I don't understand the implication in the boxed line or why $q$ is odd. In the mentioned proof of the fundamental group of $S^1$ the covering map was $p(s)=(\cos2 \pi s, \cos2 \pi s )$. i don't see how we can use the same covering map here. Any ideas what is the map $p$ here and how it gives the implication? thanks
(This is from Algebraic Topology by Hatcher, page 33)

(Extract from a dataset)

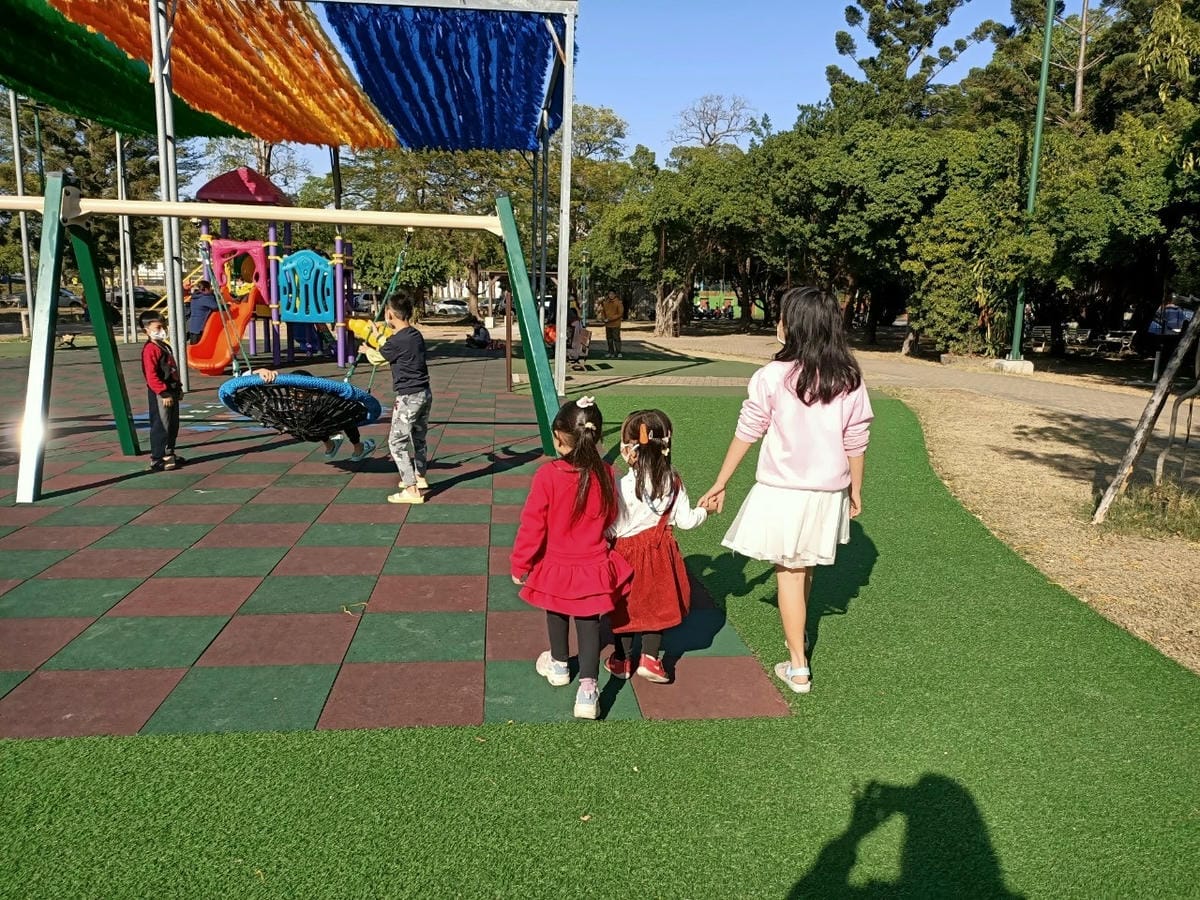 聖誕野餐趴-即便野餐也要有儀式感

We have $p(s) = e^{2\pi i s}$. Therefore $h(t) = p \tilde{h}(t) = e^{2\pi i \tilde{h}(t)}$ and $$e^{2\pi i\tilde{h}(s+1/2)} = h(s+1/2) = -h(s) = e^{\pi i}e^{2\pi i\tilde{h}(s)} = e^{2\pi i\tilde{h}(s) + \pi i} .$$ This equation implies that $$2\pi i\tilde{h}(s+1/2) = 2\pi i\tilde{h}(s) + \pi i + 2k\pi i$$ for some $k \in \mathbb Z$. Hence $$\tilde{h}(s+1/2) = \tilde{h}(s) + 1/2 + k = \tilde{h}(s) + q/2$$ with $q = 2k+1$.
Edited on request:
Hatcher shows that $h$ represents $q$-times the standard generator of $\pi_1(S^1)$. Since $q$ is odd, we have $q \ne 0$, thus $h$ represents a non-zero element of $\pi_1(S^1)$. We conclude that $h$ is not nullhomotopic.